Dr. Kristinus, do construction and real estate experts need to focus more on the question of environmentally friendly building cooling?
Absolutely. I am convinced that sustainable building cooling is even more important than the issue of heating. After all, climate change is advancing and there is hardly any other factor that causes discomfort as quickly as an overheated interior. But it is even more important to consider cooling and heating as being more closely related - also in terms of building technology. The trend is clearly toward combined systems, i.e., those that cover both applications. Surface heating and cooling systems that, in combination with a heat pump, cover all the requirements of modern living and office spaces have proven to be particularly efficient. Such heating and cooling systems are being used in more and more properties.
How do these systems work?
Unlike conventional heating or air conditioning systems, the systems work via heat or cold radiation based on the same principle as solar radiation. Compared to a cool air flow, this is perceived as much more comfortable. Neither dust is stirred up nor, for example, do mucous membranes dry out. These systems can be retrofitted in the form of a suspended ceiling both in new buildings and in most existing properties. Only a few centimetres of room height are lost, but there are also numerous advantages. First, the floor structure can be made slimmer; second, unlike underfloor heating, for example, such a system can heat and cool without the latter being perceived as unpleasant; and third, these systems are almost maintenance-free.
What are the differences in terms of the energy consumption?
The rule for any heating and cooling system is that it is particularly efficient if the supply temperatures are as low as possible for heating and as high as possible for cooling. This means that as little energy as possible has to be used - and this is precisely the case with the heating and cooling radiators. There is another advantage: the radiators heat or cool the surfaces directly and not the air first. Thus the room temperatures can ultimately be considerably higher or rather lower. A comparison can be made with a mountain climber who is illuminated by the sun at sub-zero temperatures and still feels warmth. This approach saves a great deal of energy and costs, because the last two degrees are always the most expensive. Overall, operating cost savings of up to 50 percent can be realized - with the investment costs being about the same in summary.
Does that mean it is a technology that can already be used on a large scale?
Definitely. However, if we look at the status quo, we see that there are differences both regionally and in terms of the type of use. In the BeNeLux countries, Germany and Austria, chilled ceilings for offices are now standard. The residential construction industry, on the other hand, shows a mixed picture: While newly built single-family homes are increasingly being equipped with modern cooling technologies, at least in the upscale segment, this is generally not the case for apartment buildings. Yet the question of cooling is simply a question of quality of life - which can make the difference between comfort and discomfort in everything from penthouses to socially subsidized housing units. However, more and more project developers are setting their own standards, and 6B47 is no exception: The aim is to equip all properties with modern air-conditioned ceiling systems as standard, thus always ensuring a feel-good factor in addition to high energy building standards. After all, climate-friendly construction alone does not ensure a higher quality of life - for that, it needs benefits like this that can be felt on a daily basis.
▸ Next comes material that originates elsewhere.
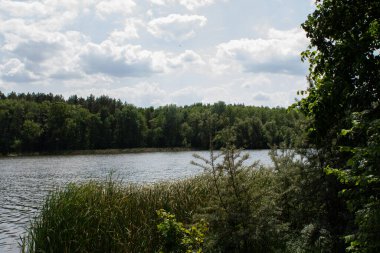 Açık gökyüzü ve yapraklarla ormandaki büyük göl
In which respect do you see an obligation on the part of construction and real estate experts to ensure higher sustainability standards?
In my view, the private construction and real estate industry is responsible for combining as many different building cooling measures as possible in a meaningful way. Examples of this are the cooling systems mentioned earlier in conjunction with photovoltaic systems or even intelligent shading that reduces the external heat load. Another piece of the puzzle is formed by smart home applications that ensure less energy consumption. The issue of so-called grey energy from building materials and transport is also extremely important. The aim must be to promote the local production of building materials in order to minimize the kilometres travelled to the construction site. A well-structured building materials trade network is also important from an ecological point of view. But there is another aspect that has so far been discussed only very peripherally: the recyclability of building materials - and not only the old materials from 40 or 50 years ago. Just as relevant is the question of current building materials, for example the sections of plasterboard and insulation materials. There, the first steps have already been taken, among other things in the form of targeted waste collection, sorted recycling and reuse. But for other building materials, we are only at the very beginning.
What can and should policy-makers focus on?
On the one hand, regulation should not stand in the way of progress - which is why flexibility is important in some respects. For example, if cooling radiators in the area of renovation fall below the permissible ceiling height for living spaces, exemptions should be possible. On the other hand, more regulation can also make sense, especially if it promotes sustainable action or penalizes non-sustainable action. At present, it still pays to transport bulky building materials such as plasterboard or insulating materials over more than a thousand kilometres to the construction site. A corresponding CO2 surcharge would make perfect sense here.